Hi,
We dealt with quite a few of the issues you spoke about within our adoption process. You have to consider that the approval process itself takes quite a long time, and the action of remedying some of the concerns, showing you can react to feedback, and determining how you react to potentially stressful social worker questioning is part of the process.
I'll use one example of the type of questions they may ask and the things we did to be considered. For context, I'm significantly overweight but my partner is not. We've just been approved, but it was a bit if a slog and this was something that was talked about quite a lot, so so know how hard it its! Ive written quite a long post, but hopefully some of these tips might be helpful or thought provoking. None of the questions are for you to actually answer now or in public, but just to think about!
So for instance with your weight, they might ask whether you know how overweight you are, what the consequences are of being overweight, what your triggers about food are etc and then (which I think is the important part) consider how you react. Are you defensive, reactive, passive?

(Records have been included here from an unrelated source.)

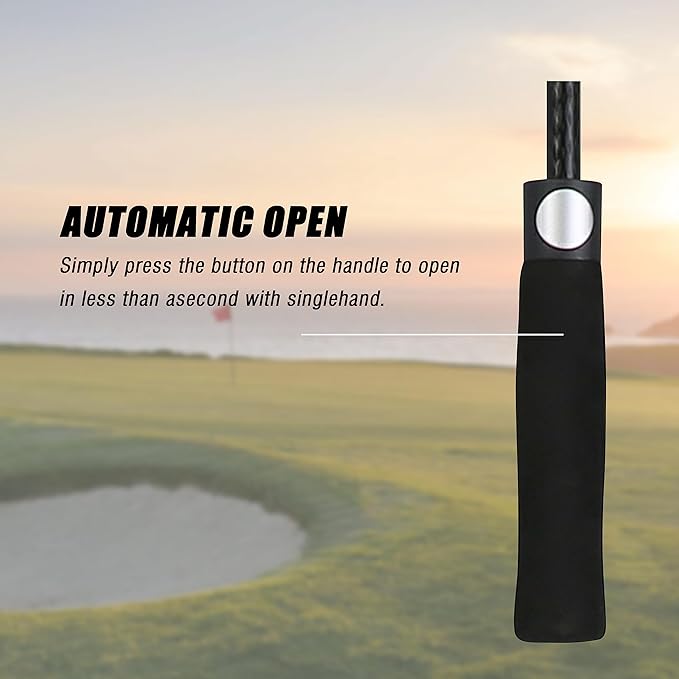 PGM Golfparaplu – Lichtgewicht, winddicht en UV-beschermend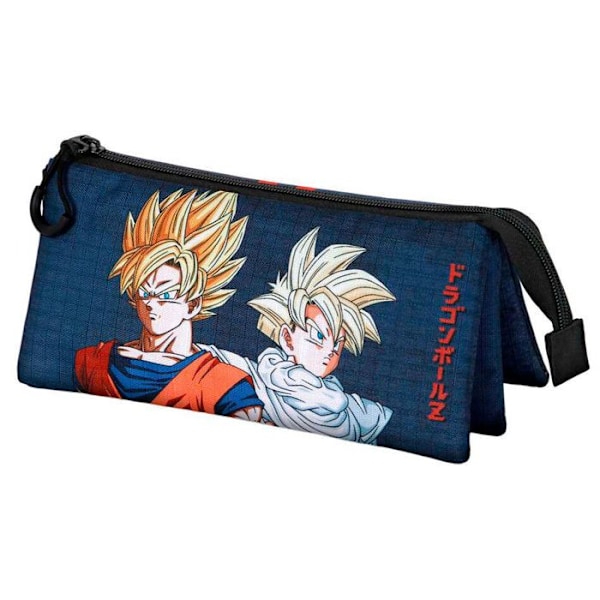 Trousse - Karactermania - Dragon Ball Z Unity - Blå - Zippad - 10x23,5x5cm blå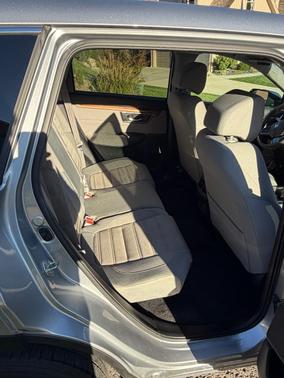 Silver 2018 Honda CR-V EX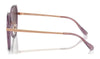 Coach CR636 HC8403D Sunglasses | Size 59 / Transparent Rose / Brown Pink Gradient (2N 32.7%) №570513
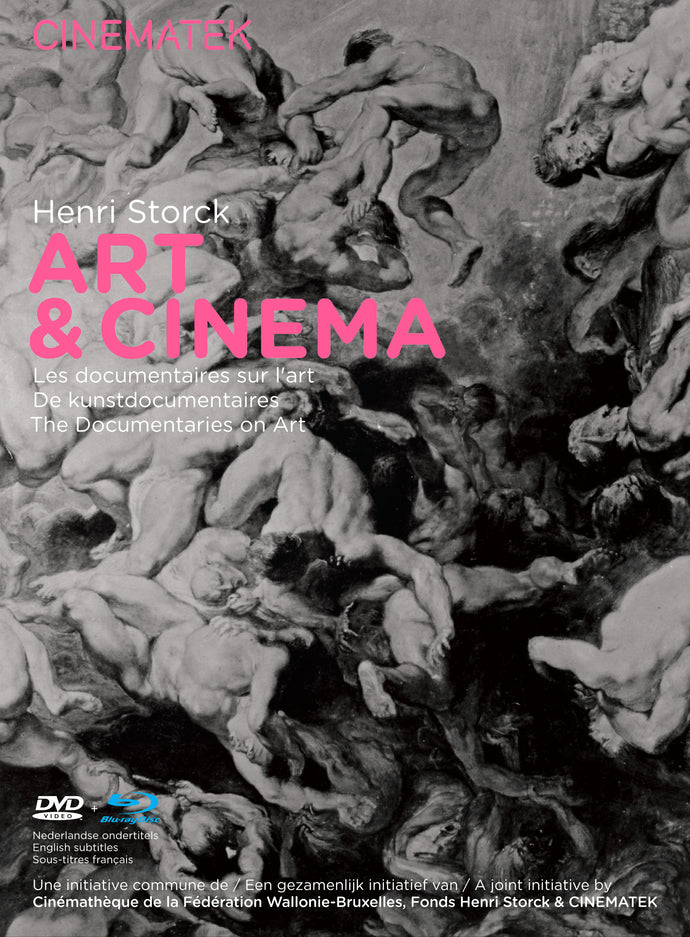 Art & Cinema – Henri Storck (DVD + BLU-RAY)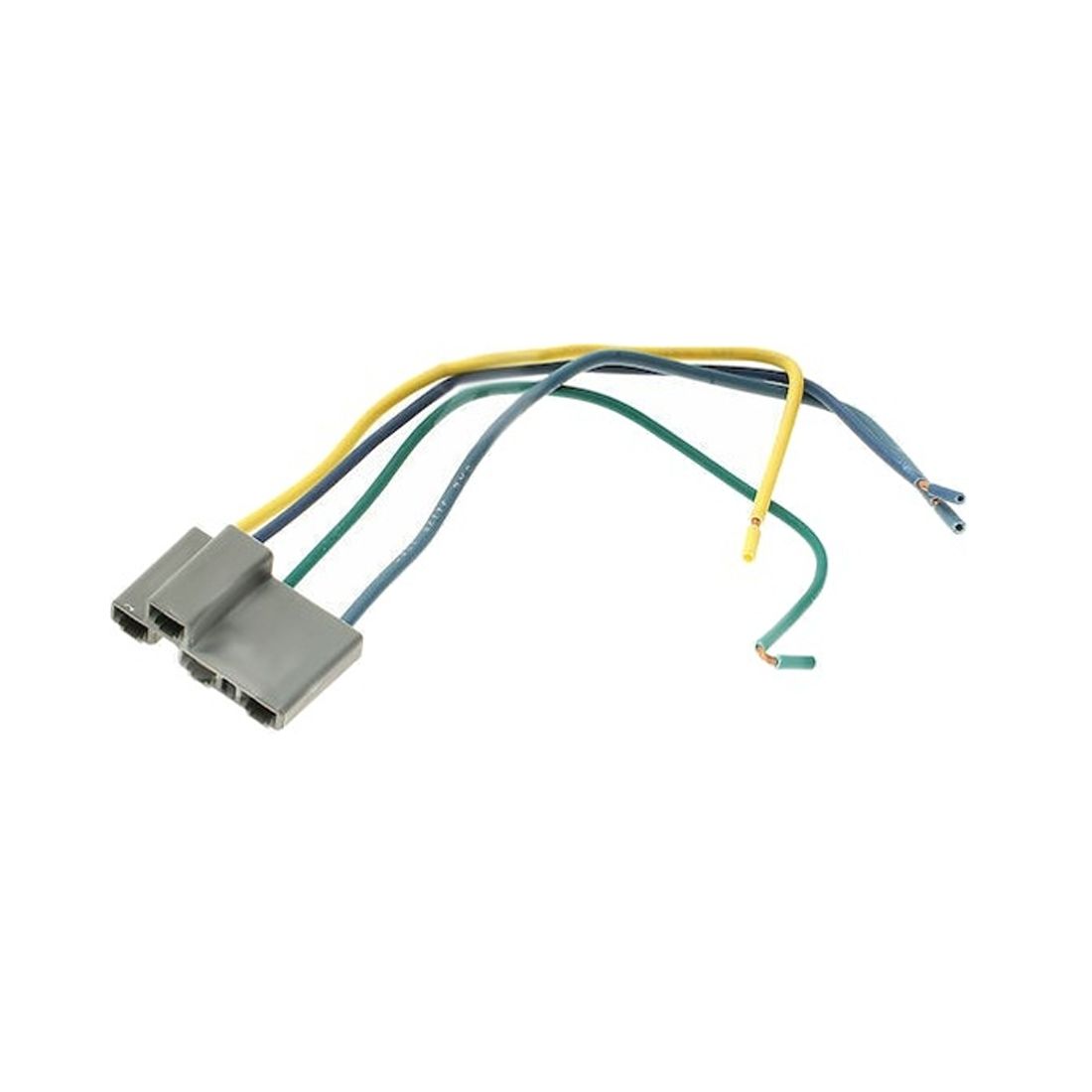 For 1995-1996 Chevrolet Corvette Base Coupe HVAC Blower Motor Resistor Harness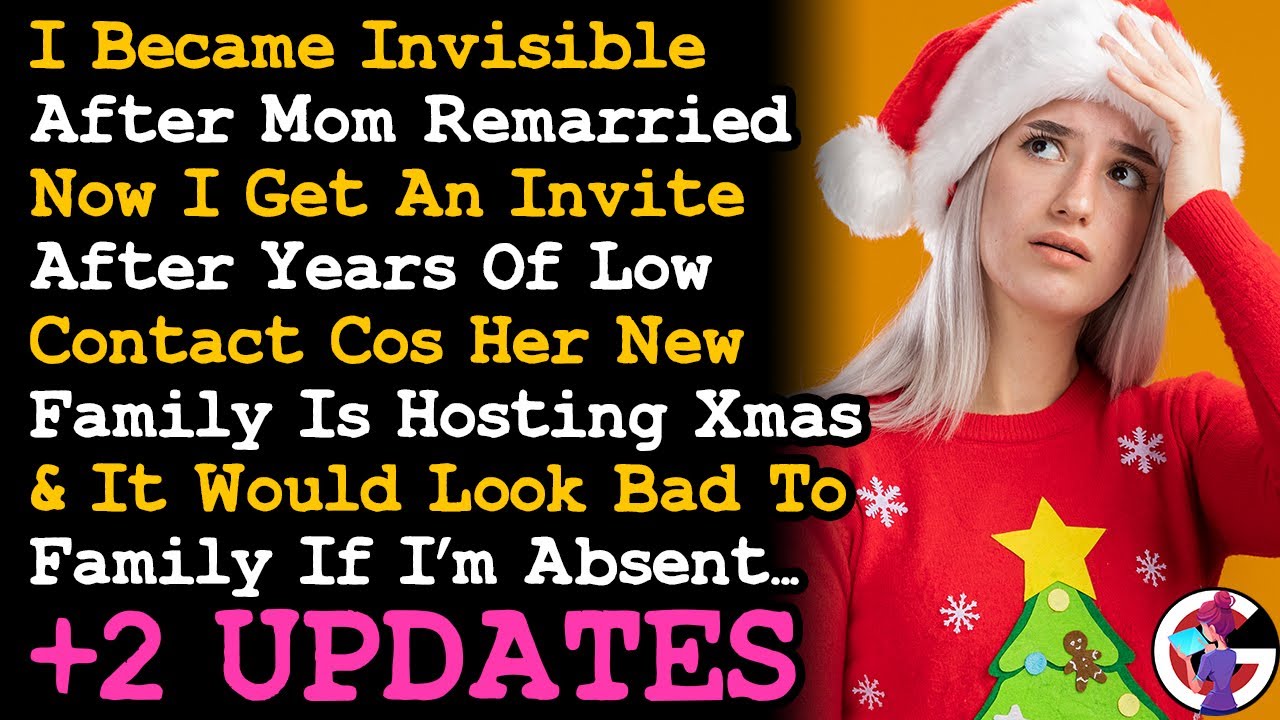Mom Invited Me To Xmas Cos They Are Hosting Family, After Ignoring Me For Yrs, Upset I Said No. AITA
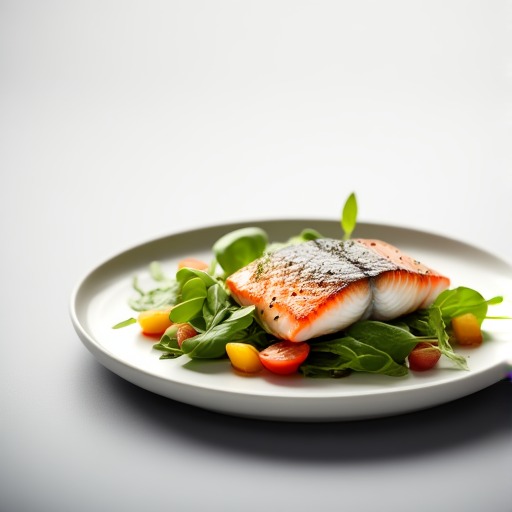 Bläckfisksallad – receptbild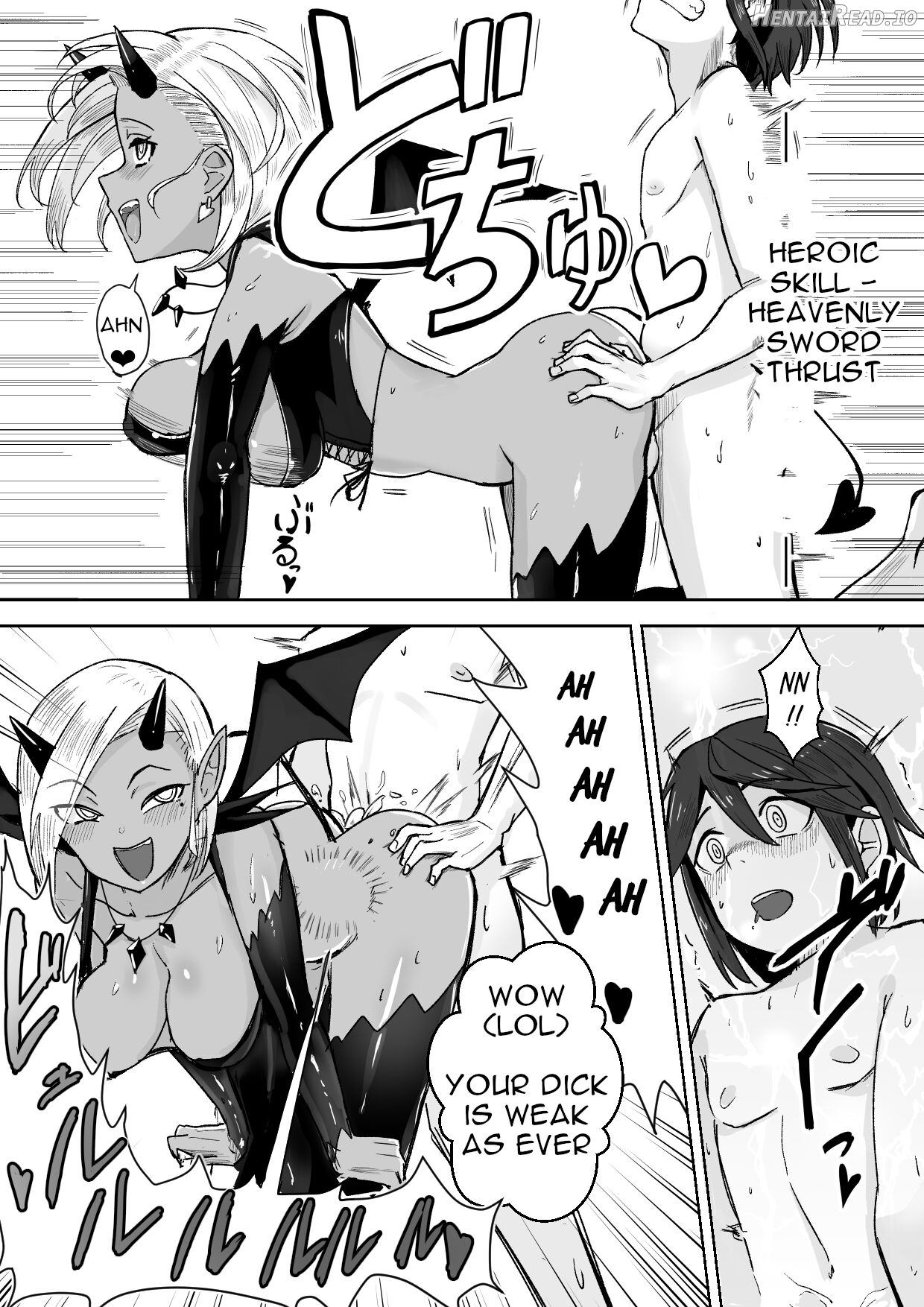 Succubus ni Haiboku Shite Chitchana Teisobi o Tsukerarechau Ohanashi Chapter 1 - page 25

Were you completely clueless about it (not great) or did you have an understanding of your body and evidence that you are working on being as healthy as possible (you have an exercise programme and have, for example, joined some sort of slimming club, or gym etc). Do you model the behaviour you want your children to follow? When it is mentioned, do you get upset in the moment (like when a child is angry and says hurtful things when they are dysregulated)? Will you be devastated because a professional may say they don't think you can handle children with significant food issues? (would you recognise if they keep asking for more food when they aren't hungry do you recognise its possibly an emotional reaction and you know that because that's how you handle it yourself and you've done xyz to deal with this and so can help a child) etc. Do you have a coherent and consistent narrative about the factors surrounding your weight that fits with the rest of your own life story work? Have you done reading about children/food/trauma, and what were your thoughts on it? How does your partner feel about your weight, and do they support you with being healthy or do they suggest another takeaway and chocolate? (Not that I'm saying that's always bad, but it's about reflecting on how you work through these things as a couple)
There are ways that even with a high BMI you can turn it into if not a positive, the less of a negative that could be viewed positively. None of them are compulsory, but are ideas about ways you could demonstrate awareness.
Joining a weight loss organisation that issues weight loss certificates, speaking about these in a positive way. Also a good way to build local support networks and talk about specific issues with likeminded people. Plus there were lots of mums from local schools there who were willing to talk to me abouts schools in the area, so it whittled a few from my list.
Showing that you have resolved any body confidence issues- for example would it affect you going to the gym because you are nervous about being "the fat one" or do you do it anyway? Talk about how you resolved whatever that may be.
Showing you have spoken to your GP about weight management.
Developing a sustained exercise plan that is tracked- for example couch to 5k, a gym programme, sponsored walks etc
Including reading about trauma and food issues
Genuinely reflecting on your weight and the reasons- is it medical, boredom, emotional, a combination, and then exploring how you have considered that throwing a child into the mix might exacerbate any of these. What meals would you plan for a child and why?
Doing exercise things with your partner- running (or walking!) registered races like the race for life as a couple shows you are supportive of one another, maybe you got a joint gym membership. If you get sponsored by your network it can show you have their buy in and support
If you are observed with children, make sure there are opportunities to show you are physically active- run around a few times after the children (sounds daft, definitely was mentioned in our reports). Going to a park and playing racing games worked
Exploring holiday options, do you go to the beach and lounge about or do you go on plenty or bracing hikes with lots of fresh air?
What do you imagine your life with children be like? Will exercise and healthy eating be part of it? How?
Looking into body positivity vs body neutrality movements and whether either of those chime with you and why
Have you considered therapy/surgery and why or why not? Whatever response you give needs to be thoughtful, and is OK but you need to show you have a rationale for engaging with the services you do or don't.
These are all things that we considered and reflected on, and then became practical ways of actually showing we were living the values we said we had. It's interesting because my weight didn't change much (a couple of lbs, which isn't much in the grand scheme of things) but you need to focus on the emotions around it. I felt really defensive- I had been working a lot on self esteem about how I looked, but then realised I felt quite defensive about how much emphasis was put on exercise until I did reading about trauma and how movement is fundamental to supporting lots of work with traumatised children.
Its the same with mental health- are you a competent agent and advocate within your own life, with a clear, proactive understanding of what options you have and the outcomes etc. It can be helpful to write it down or work out which bits are emotional.
Basically, what I'm saying is that the process itself is significant and insightful, and you can definitely start the ball rolling with any weight loss if that's a barrier you can see, but doing it with a clear intention as to why and what you are going to get out of it may help with any reflections later on so that if they move from being barriers to being positives. I hope this is helpful!
Tl;dr: don't let weight be an issues, just have a plan as to what you are doing about it and the reasons behind it!